Oh well, as I said, this is an endless topic to drivel on about, so I'd better stop here. Let's get back to the topic that made this thread so enjoyable: architectural photography!

BTW, call me Norm if you hate pseudonames.

Kirk Gittings
16-Mar-2006, 19:39
Norm, just for the record I do not consider myself any kind of critic or aesthetic revolutionary. I gave up trying to chase the whims of leading egde art culture after I finished my undergraduate work in 1972. Since then I have simply concentrated on what I love and try to do that well. But freeing oneself from from that does give you a more distanced and objective look at it because you are no longer invested in it.

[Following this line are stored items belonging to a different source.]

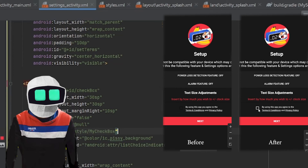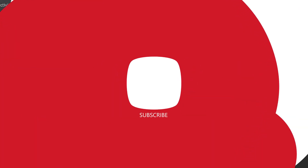That's it for the video. As you can see, the checkbox went from black to white. Don't forget to like and subscribe — see you on the next one, peace.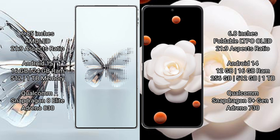Red Magic 10 Pro Plus runs on Android 15, while Honor Magic V Flip runs on Android 14. The Red Magic 10 Pro Plus comes with 16GB or 24GB RAM and 512GB or 1TB internal storage.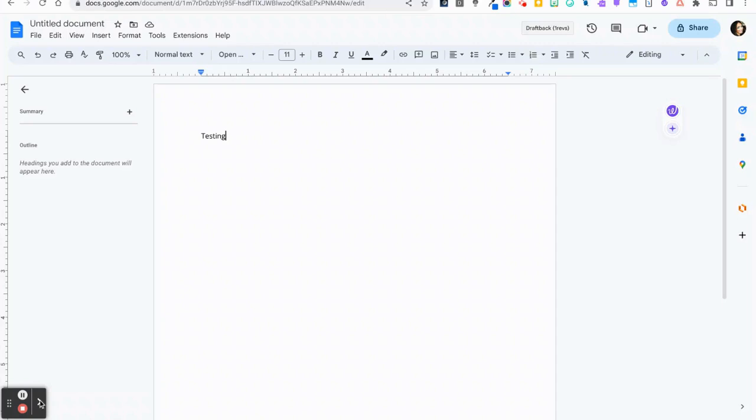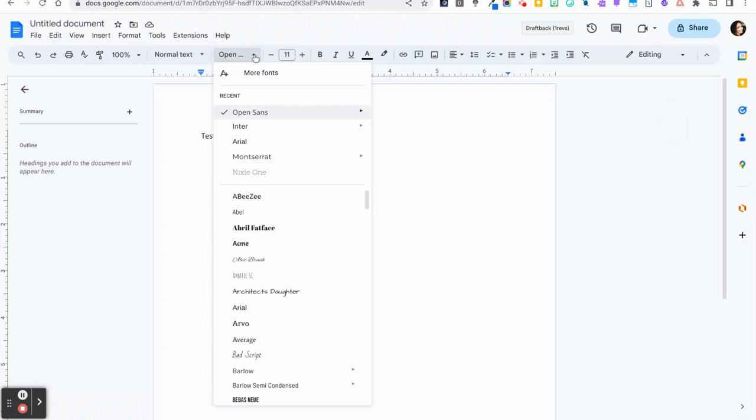To add new fonts to your menu, open the font menu and select the More Fonts button.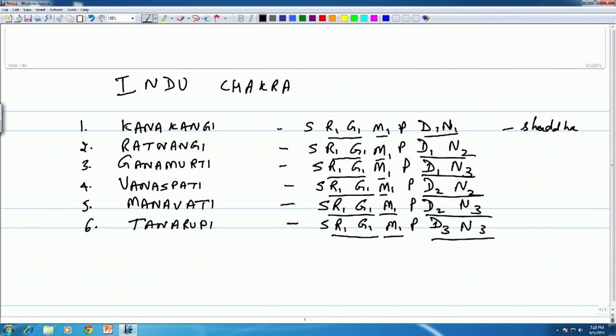At any event, Kanakangi is the Shuddha scale in Contemporary Carnatic music. Now let's go to Ratnangi. Sa Ri Ga Ma Pa Dha Ni — that Ni is Ni 1. Ratnangi has Ni 2, which is called Kaishiki Nishada. Gaana Murthy is Sa Ri Ga Ma Pa Dha Ni with Kaakali Nishada, Ni 3.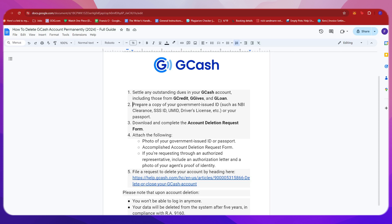Next, you need to prepare a copy of your government-issued ID such as NBI clearance, SSS ID, UMID, driver's license, and other valid IDs. Alternatively, you can also use a valid passport.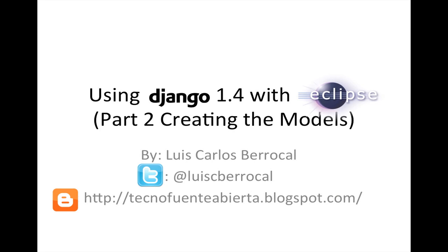Hello, my name is Luis Berrocal, and I'm going to be talking to you today about how to use Django 1.4 with Eclipse. In this part of the tutorial, we're going to be creating our models. You can follow me at @LuisCBerrocal, and my blog is tecnofuenteabierta.blogspot.com.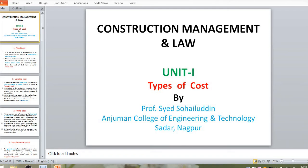Today we will start the lecture on Construction Management and Law. We have already discussed various concepts related to cost escalations — factors affecting cost escalations and requirements to reduce them, including factors related to labor, equipment, and materials. An important topic in Unit 1 is the types of cost.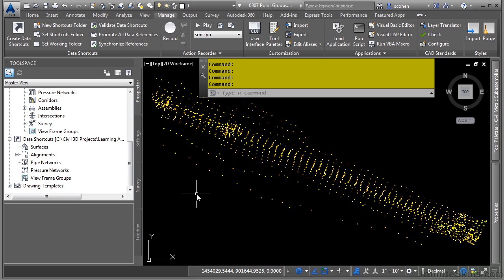In this video, we will discuss point groups. Point groups are simply a filter of points that share common characteristics.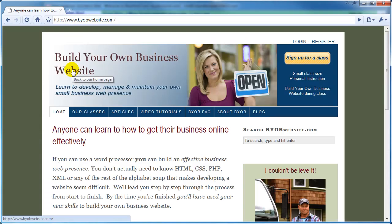Welcome back to the second lesson in the Build Your Own Business website tutorial series. In this third part of the lesson, we will configure Gmail to use your new email account. You'll see that configuring Gmail is quite a bit different than setting up Outlook.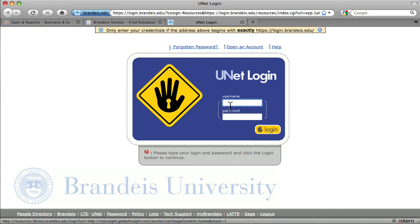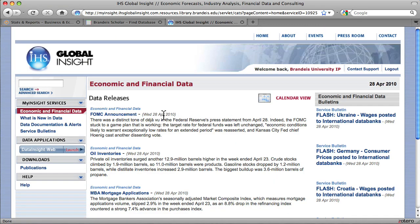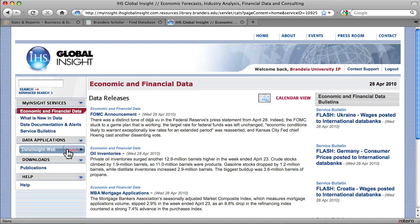In order to access the resource, you need to sign in or authenticate. Once you've signed in, it takes you to the Global Insight homepage or landing page, and you want to look for the Data Insight web interface, which is launched over here in the left-hand corner by selecting it.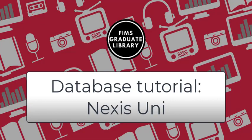This concludes our short demonstration on how to use Nexis Uni. However, if you have any further questions, please don't hesitate to reach out to the FIMS Graduate Library. As I mentioned earlier as well, you can also reference our main news database video as we go over some key items to keep in mind when selecting a news database. Another thing to keep an eye out for are the rest of the videos in our series. We hope to see you in our next video.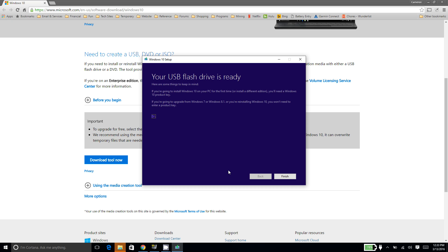Okay, at this point your USB flash drive is ready. Be sure to remove it responsibly, and we'll move on to the next step.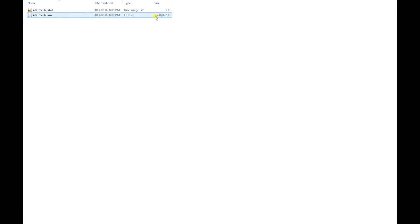Once you acquire this ISO file, it should be around 7.4 gigs — that's the XDG2 format. You may also have the XDG3 format, which is bigger and requires the overburn or truncate method, but we'll talk about that later. Now, you need to create a DVD file, which is a mapping of the ISO file. You do need this file to burn, but if you don't have it, we're going to show you how to create it.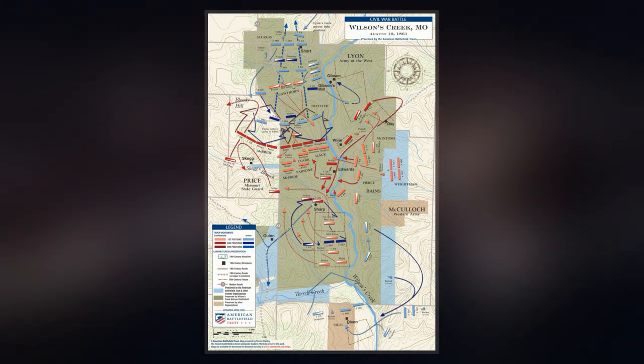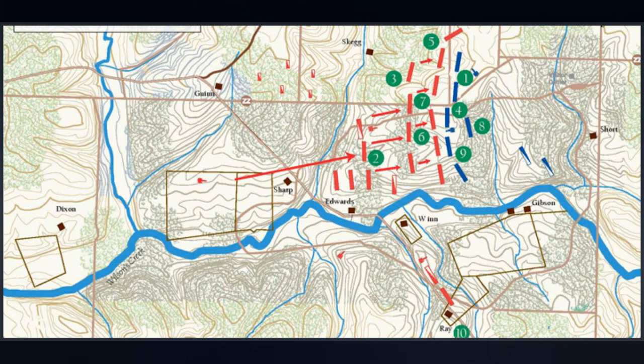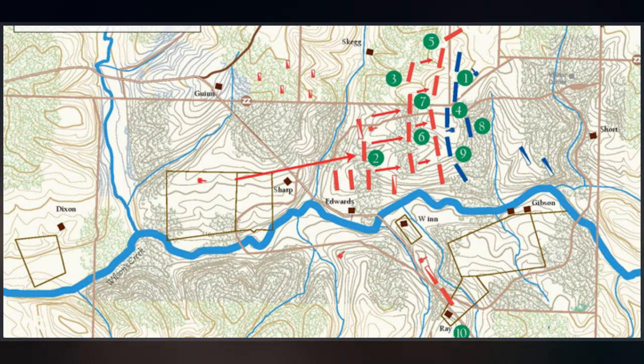Missouri was officially a neutral state, but its governor, Claiborne Fox Jackson, supported the South and secretly collaborated with Confederate troops.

"Citret's work, who is of a much older generation" Jeez....he's only a year older than I am......

Walt Calahan
16-Mar-2006, 19:58
Kirk, at least you're articulate about your views, whether you see yourself as a "critic or aesthetic revolutionary" is immaterial. Thanks for letting us read what you think. Cheers!

Kirk Gittings
16-Mar-2006, 20:05
Thank you Walter. One of the advantages of having a foot in commercial work and a foot in academia is that you tend to learn how to express yourself about art in an uncomplicated way.

David R Munson
20-Mar-2006, 22:26
Don't know if it's quite what you're looking for, but when I got the new Lenswork, the architectural images immediately made me think of one of my favorite volumes of architectural photography by Cervin Robinson, specifically Cleveland, Ohio. Definitely not avant-garde, but he does strike me as having a different sort of style from most. Fantastic B&W images. It is out of print and it was fairly hard to get a copy when I got mine about four years ago, but if you're near a university with a good library, they may have one on hand that you could take a look at.